Clover visits the room where Lincoln died and attends the trial of the assassins — all in all a fascinating trip.
Then she writes about her honeymoon with Henry, sailing up the Nile, but first the newlyweds attend the great arbitration in Switzerland between the United States and Britain to settle the so-called Alabama Claims.
Henry’s father, Charles Francis Adams, might be said to be one of the saviors of the American republic, because it was he who, as minister to Britain, kept the Brits from making common cause with the Confederacy.
The Confederate warship Alabama was built and outfitted in Britain, with a wink and a nod from a since-disgraced prime minister, and it caused considerable damage hereabouts. After the war, the two countries decided to settle the matter by arbitration. They appointed a panel with an American guy (Charles Francis Adams), a British guy, a Brazilian guy, an Italian guy and a Swiss guy to break the tie.

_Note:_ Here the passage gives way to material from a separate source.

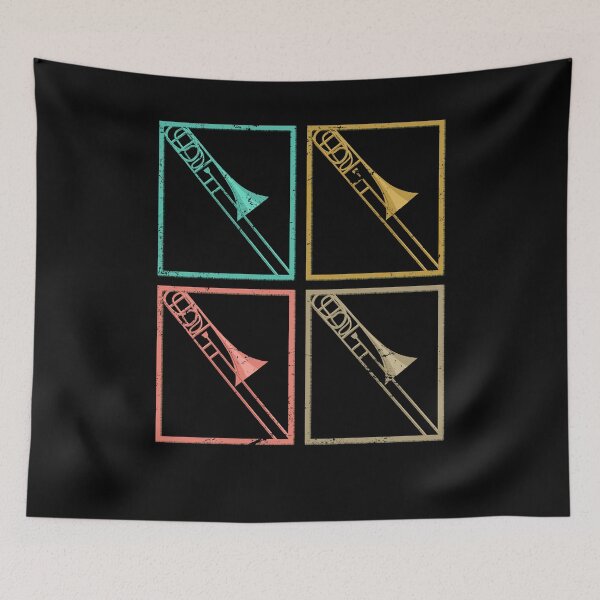 Item preview, Retro trombone designed and sold by bestshirtdesign.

The panel decided Britain should pay the US 15.5 million dollars. Which was a bit less than the $2 billion that Charles Sumner wanted. He was head of the Senate Foreign Relations Committee.
The arbitration of the Alabama claims was thus a precursor to the Hague Convention, the League of Nations, the World Court, and the United Nations, and Clover writes all about the social side of it.
Then she writes about their cruise up the Nile side by side with the yacht of William Blodgett. You remember him. He founded the Metroplitan Museum of Art in New York City.
And she gives a lively account of the social scene in London, where she meets Robert Browning, whom she finds boring, and the Shah of Persia, who turns out to be pretty funny.
When Sir Henry Rawlinson introduced the Shah to Lady Rawlinson, the Shah said, “She is good, but too old. You should get a new one.”
The Shah was also keen to see an English execution. When told there were no convicts handy, he suggested they use one of his retainers.
What a fascinating view of history. You can’t make this stuff up!